Once again we found ourselves with a crock-pot in need of exercise. Upon inspecting the kitchen, we found an interesting combination of ingredients to try out with a pork roast, all of them on the sweeter side of the flavor spectrum.
While we have done a pork roast with onion, apple and mead, we went for a slightly different track this time. Pork, sweet onion, yams, and some mild yellow bell pepper.
There are no photos of the prep as it was early and I had yet to have my first cup of coffee before getting excited about this meal.
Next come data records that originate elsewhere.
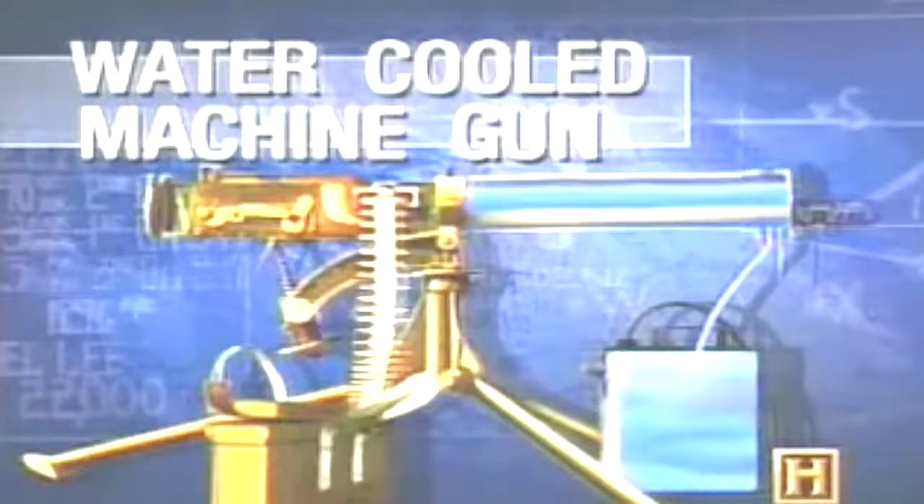Surrounding the barrel with water improved the gun's effectiveness. Water-cooled machine guns were capable of firing for long periods of time; several hundred rounds could be fired before the gun had to be allowed to cool. Normally you have a crew of two — a gunner and an assistant gunner responsible for the ammunition supply. You would need three men to carry a .50 caliber gun into battle. Two men could do it, but they'd be terribly loaded.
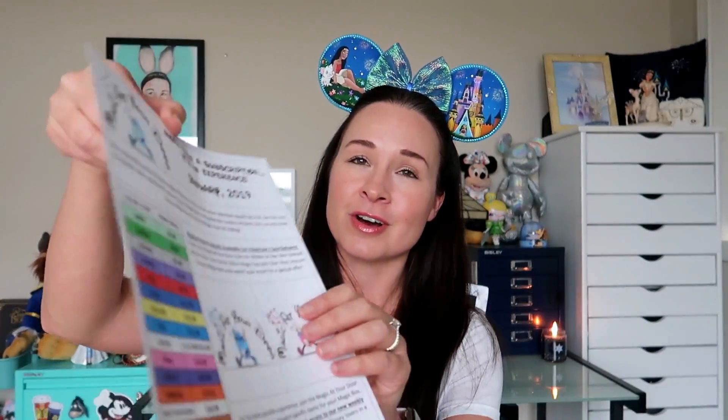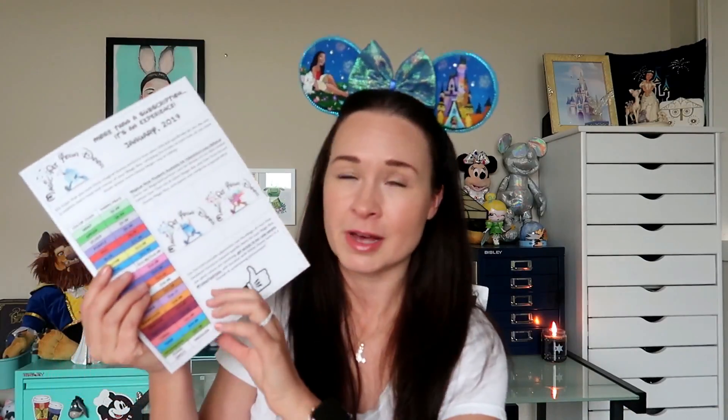The boxes are always packed so tight that I get like a workout trying to pry it open, but I finally got it open. Right on the very top I'm seeing the monthly newsletter, which usually includes a little hello, any special promotions or holiday boxes, and on the side there is always a Disney color-coded pricing chart so you can look up the retail value of your items. I'll give this a closer look a little later.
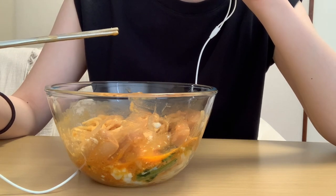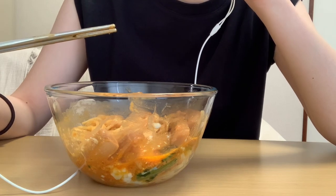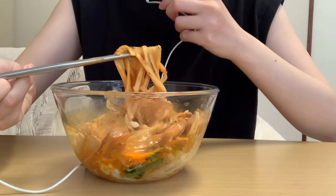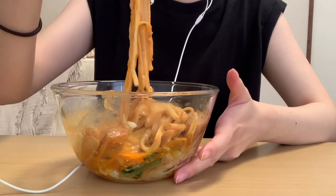I'm going to put the milk in the bowl. It's really delicious.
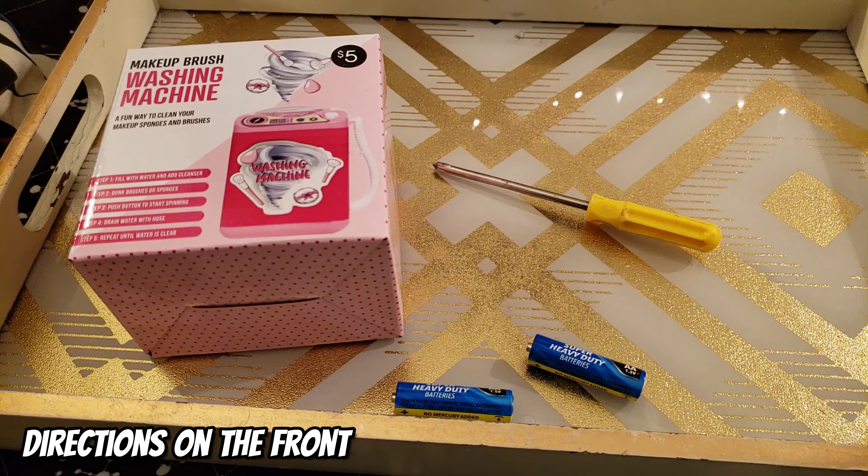My brushes are all cleaned and now it's time for the verdict — was this a deal or a dud? Let's talk about the pros and cons. The pros: the device is $5, it is portable, and it's great for cleansing small brushes that don't have a lot of residue on them. The cons: it's not good for medium or big brushes, it can overflow, and you do have to leave the brush in longer than 10 seconds.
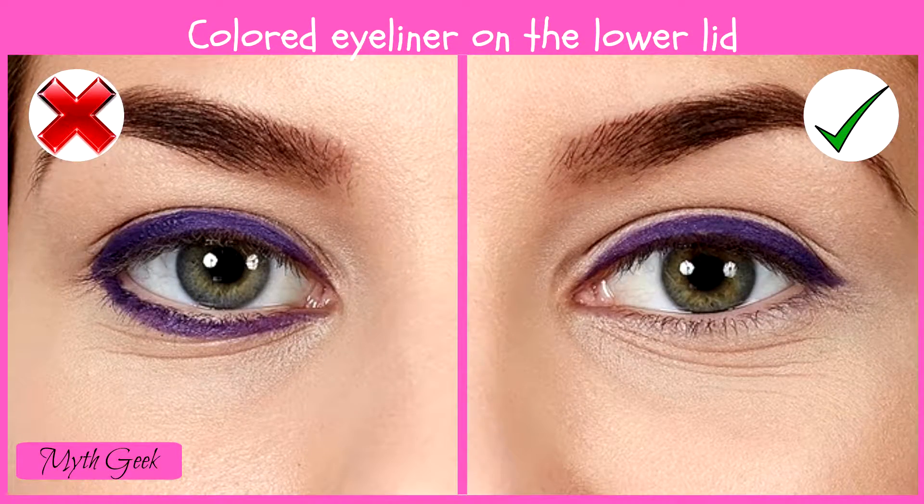In most cases, a colored lower eyelid makes your look more severe, which doesn't add to your charm. Specialists recommend only applying colored eyeliner to your lower lid when you're going to a themed party.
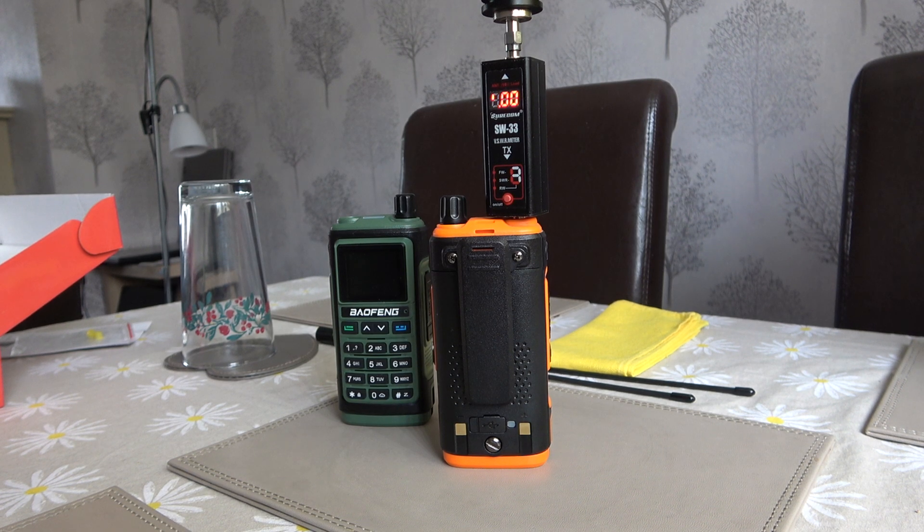Hello folks and welcome to the channel. Today I'm going to be revisiting a subject that I've previously covered, namely the power output on the Bofang UV-17 Pro GPS.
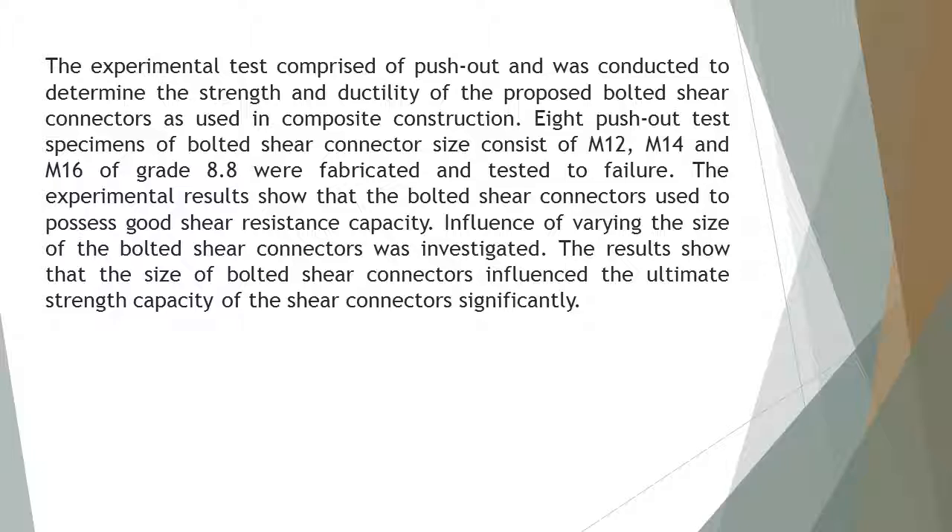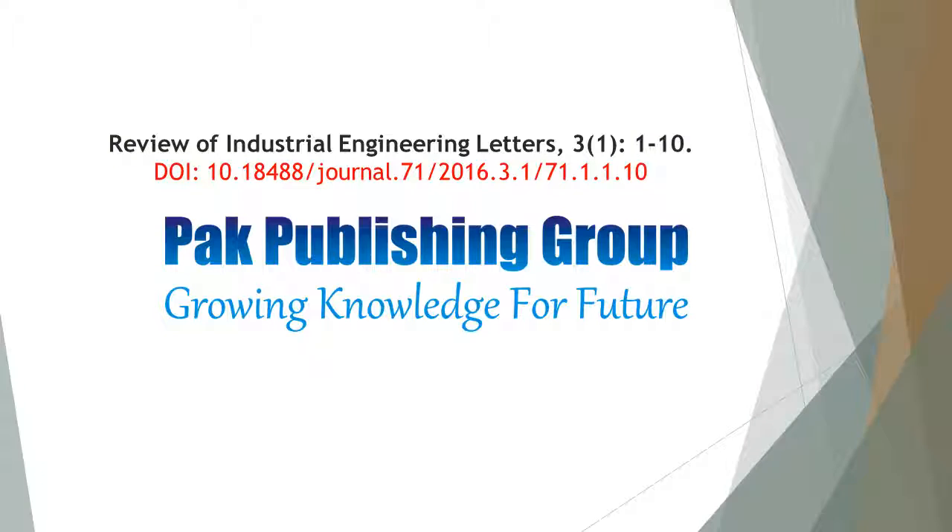The influence of varying the size of the bolted shear connectors was investigated. The results show that the size of bolted shear connectors significantly influences the ultimate strength capacity of the shear connectors.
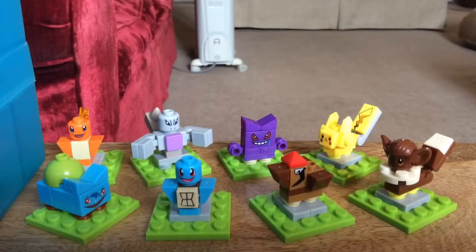These minifigures and item sets come with eight Pokemons from the classic series. These are made out of bootleg Lego bricks.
As you will soon see, however, we got a few shots of the end product.
1/2 of a fist sized sweet onion (my fist), diced
4 medium sweet potatoes, peeled and sliced
1/2 of a large yellow bell pepper, seeded and sliced
1 tsp onion powder
1 tsp garlic powder
1/2 tsp season salt
1 pork roast, about 3lbs
1/4 cup home-made ciser (apple mead)
If you use crock-pot liners, insert one. Spread diced onion evenly across the bottom. Layer sliced sweet potatoes on top of the onion, with a sprinkle of garlic powder or diced raw garlic between the layers.
Lay in the pork roast, fat side up. Sprinkle remaining garlic, onion powder and season salt across the top. Arrange bell pepper sliced across the top of the meat.
Half-way through the cooking time, open the crock and pour the ciser across the top of the meat. Pour slowly so as to get a good coverage of the liquor across the entire roast.
Seal and cook on low for 8 hours, or high for 4 hours, or until the meat is cooked through.
Serves 4-8 depending on your serving sizes. We tend to serve large.